A Lava Jato revelou com nitidez brutal como o sistema funcionava. Empresas de construção pesada pagavam propinas a executivos da Petrobras e a políticos que comandavam a estatal. Os valores retornavam como financiamento eleitoral, propina pessoal e manutenção de esquemas de poder. O Petrolão não foi um golpe de audácia de alguns bandidos sagazes. Foi a operação sistemática de uma engrenagem onde o Estado era ao mesmo tempo o pagador, o recebedor e o fiador. Cada contrato assinado, cada aditivo aprovado, cada obra inaugurada com placa de político era um elo na corrente.


Passa-se uma década e o padrão se reproduz em outro território. No INSS, descobriu-se em 2025 um esquema de mais de R$ 6 bilhões em descontos não autorizados de aposentadorias e pensões. Associações e sindicatos, em conluio com servidores públicos, acessaram diretamente a folha de pagamento do Instituto e retiraram quantias de milhões de idosos que nunca consentiram com nada. Uma das entidades chegou a filiar 1.569 aposentados por hora. O diretor responsável pela área havia sido nomeado pelo governo poucos meses antes. Não havia sequestro no sentido tradicional, porque o agente sequestrador era o próprio Estado, operando por meio de seus aparelhos formais. O aposentado não tinha para quem recorrer, pois a instituição que deveria protegê-lo era a mesma que o saqueava.


O caso do Banco Master leva a análise a um plano ainda mais perturbador. O banco emitiu cerca de R$ 50 bilhões em CDBs com remuneração acima do mercado, lastreados em ativos de baixíssima liquidez, garantidos pelo Fundo Garantidor de Créditos. Quando o Banco Central decretou a liquidação extrajudicial, o ressarcimento atingiu R$ 41 bilhões para 1,6 milhão de credores. O banqueiro Daniel Vorcaro foi preso no aeroporto tentando deixar o país. Até aí, um caso de fraude financeira de grande escala. Mas o que transforma o Master em sintoma de “espírito crime” é o que veio depois.


O ministro Dias Toffoli, do STF, puxou o processo para a competência do Supremo e impôs sigilo total, transformando o inquérito em caixa preta. Dias antes, havia viajado de jatinho privado com o advogado de um diretor investigado para assistir à final da Libertadores em Lima. O escritório de advocacia da esposa do ministro Alexandre de Moraes firmou contrato para defender os interesses do banco perante o Judiciário, o Ministério Público, a Polícia Federal, o Banco Central e o Congresso, com honorários que poderiam chegar a R$ 129 milhões. Não se precisa de teoria conspiratória para perceber o que está diante dos olhos. As instituições de controle foram capturadas pelos próprios agentes que deveriam controlá-las.


É aqui que a análise precisa descer à gênese moral. A doutrina social clássica, de Santo Tomás de Aquino a São João Paulo II, reconhece que o Estado tem funções legítimas e limitadas. Quando ultrapassa esses limites, não se torna apenas ineficiente. Torna-se moralmente corrompido em sua essência, porque a concentração de poder sem correspondente responsabilidade pessoal gera inevitavelmente a ocupação predatória dos cargos. O patrimonialismo brasileiro não é um defeito cultural. É a consequência direta de um modelo de Estado que trata o erário como extensão do privado e o cargo público como sinecura.
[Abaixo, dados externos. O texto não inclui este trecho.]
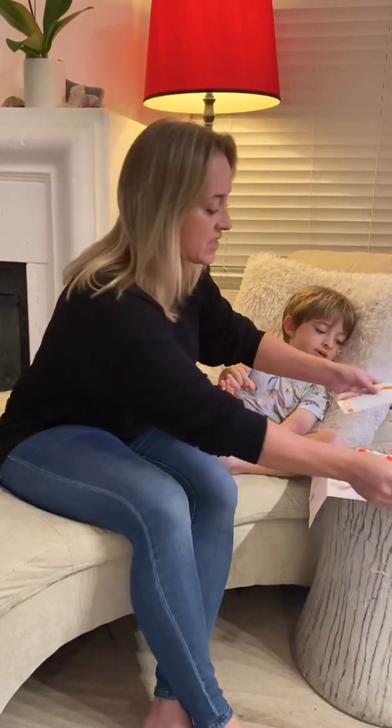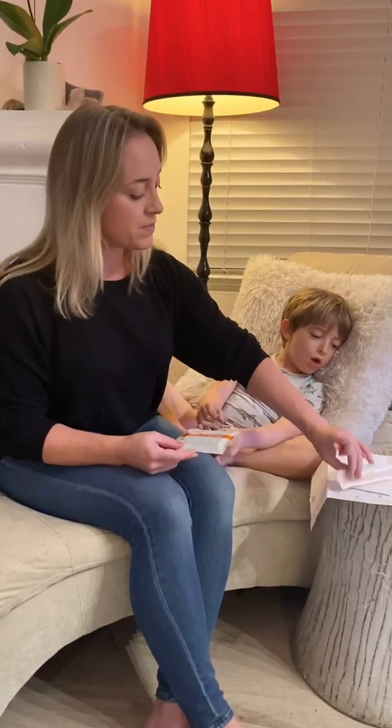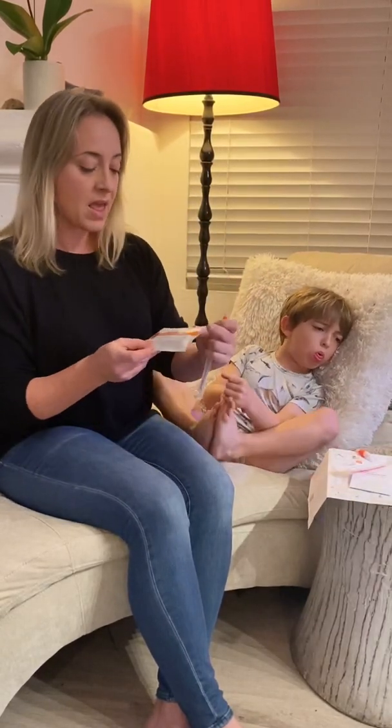Here we have two tests and we're just going to run one for him today. So you have your tube, your swab, and your test card.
A Escola Austríaca de economia demonstrou com rigor teórico que a intervenção estatal na economia cria incentivos perversos que tornam a corrupção não uma anomalia, mas um mecanismo de funcionamento. Quem controla a distribuição de recursos alheios controla também os destinos de quem depende desses recursos. E quem depende desses recursos não tem autonomia para resistir.
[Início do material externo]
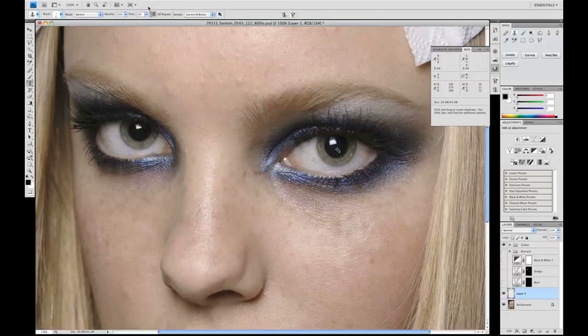Welcome back. This is the second part of the skin retouching tutorial. What we're going to look at here is using the clone stamp tool to address some of the very dark and very light areas within the image.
O “espírito crime” que perpassa do Mensalão ao Banco Master é, portanto, o espírito de um Estado que se expandiu para além de toda fronteira moral e constitucional. Não se corrige isso com leis de transparência ou com novas agências reguladoras. Corrige-se com a redução drástica do poder discricionário do Estado, com privatizações amplas, com a devolução de competências à sociedade civil e com a restauração do princípio de que o bem comum não se confunde com o interesse público definido por burocratas e políticos.


Enquanto o Estado continuar sendo o principal distribuidor de riqueza, privilégios e oportunidades no Brasil, o “espírito crime” encontrará sempre um novo terreno. A corrupção é sintoma. A doença é o tamanho do Estado.